• _WHAT TO DO_: When the line with "Cairness gimmer takes top price at Carlisle" is reached, include it and stop; before that, copy each line of the listing exactly from the first.

_____

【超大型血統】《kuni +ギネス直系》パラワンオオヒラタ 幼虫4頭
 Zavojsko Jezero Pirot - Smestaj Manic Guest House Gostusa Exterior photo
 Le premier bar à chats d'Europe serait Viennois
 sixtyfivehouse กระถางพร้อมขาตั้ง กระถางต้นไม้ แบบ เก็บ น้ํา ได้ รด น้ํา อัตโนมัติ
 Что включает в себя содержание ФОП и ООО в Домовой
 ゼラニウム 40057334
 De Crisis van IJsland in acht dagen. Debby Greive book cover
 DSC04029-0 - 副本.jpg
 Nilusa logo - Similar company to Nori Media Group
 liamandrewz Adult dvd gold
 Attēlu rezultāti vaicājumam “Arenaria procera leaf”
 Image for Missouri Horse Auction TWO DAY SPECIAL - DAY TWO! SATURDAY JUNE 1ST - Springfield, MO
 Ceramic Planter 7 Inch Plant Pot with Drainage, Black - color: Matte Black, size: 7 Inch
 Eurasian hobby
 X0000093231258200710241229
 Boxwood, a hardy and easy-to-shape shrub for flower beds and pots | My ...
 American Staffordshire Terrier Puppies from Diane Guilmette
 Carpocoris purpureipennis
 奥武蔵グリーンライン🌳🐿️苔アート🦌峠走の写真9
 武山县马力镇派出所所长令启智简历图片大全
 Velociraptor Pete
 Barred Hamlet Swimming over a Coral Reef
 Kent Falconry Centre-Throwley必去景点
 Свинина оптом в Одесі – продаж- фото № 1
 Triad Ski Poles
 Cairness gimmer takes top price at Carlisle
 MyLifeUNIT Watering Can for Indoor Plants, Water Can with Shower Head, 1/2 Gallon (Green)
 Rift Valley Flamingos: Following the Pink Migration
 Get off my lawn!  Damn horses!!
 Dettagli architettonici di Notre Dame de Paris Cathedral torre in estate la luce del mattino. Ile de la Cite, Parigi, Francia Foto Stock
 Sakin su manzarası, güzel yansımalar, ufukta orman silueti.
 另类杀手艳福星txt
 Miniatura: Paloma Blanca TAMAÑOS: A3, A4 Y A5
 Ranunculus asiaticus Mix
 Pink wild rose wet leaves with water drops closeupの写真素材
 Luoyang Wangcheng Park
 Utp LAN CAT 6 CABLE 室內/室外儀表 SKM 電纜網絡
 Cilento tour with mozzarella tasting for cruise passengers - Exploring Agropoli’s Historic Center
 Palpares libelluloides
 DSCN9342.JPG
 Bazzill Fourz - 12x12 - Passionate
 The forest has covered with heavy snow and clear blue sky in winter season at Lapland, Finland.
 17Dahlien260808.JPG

_____

• _FINISHED TASK_:
【超大型血統】《kuni +ギネス直系》パラワンオオヒラタ 幼虫4頭
 Zavojsko Jezero Pirot - Smestaj Manic Guest House Gostusa Exterior photo
 Le premier bar à chats d'Europe serait Viennois
 sixtyfivehouse กระถางพร้อมขาตั้ง กระถางต้นไม้ แบบ เก็บ น้ํา ได้ รด น้ํา อัตโนมัติ
 Что включает в себя содержание ФОП и ООО в Домовой
 ゼラニウム 40057334
 De Crisis van IJsland in acht dagen. Debby Greive book cover
 DSC04029-0 - 副本.jpg
 Nilusa logo - Similar company to Nori Media Group
 liamandrewz Adult dvd gold
 Attēlu rezultāti vaicājumam “Arenaria procera leaf”
 Image for Missouri Horse Auction TWO DAY SPECIAL - DAY TWO! SATURDAY JUNE 1ST - Springfield, MO
 Ceramic Planter 7 Inch Plant Pot with Drainage, Black - color: Matte Black, size: 7 Inch
 Eurasian hobby
 X0000093231258200710241229
 Boxwood, a hardy and easy-to-shape shrub for flower beds and pots | My ...
 American Staffordshire Terrier Puppies from Diane Guilmette
 Carpocoris purpureipennis
 奥武蔵グリーンライン🌳🐿️苔アート🦌峠走の写真9
 武山县马力镇派出所所长令启智简历图片大全
 Velociraptor Pete
 Barred Hamlet Swimming over a Coral Reef
 Kent Falconry Centre-Throwley必去景点
 Свинина оптом в Одесі – продаж- фото № 1
 Triad Ski Poles
 Cairness gimmer takes top price at Carlisle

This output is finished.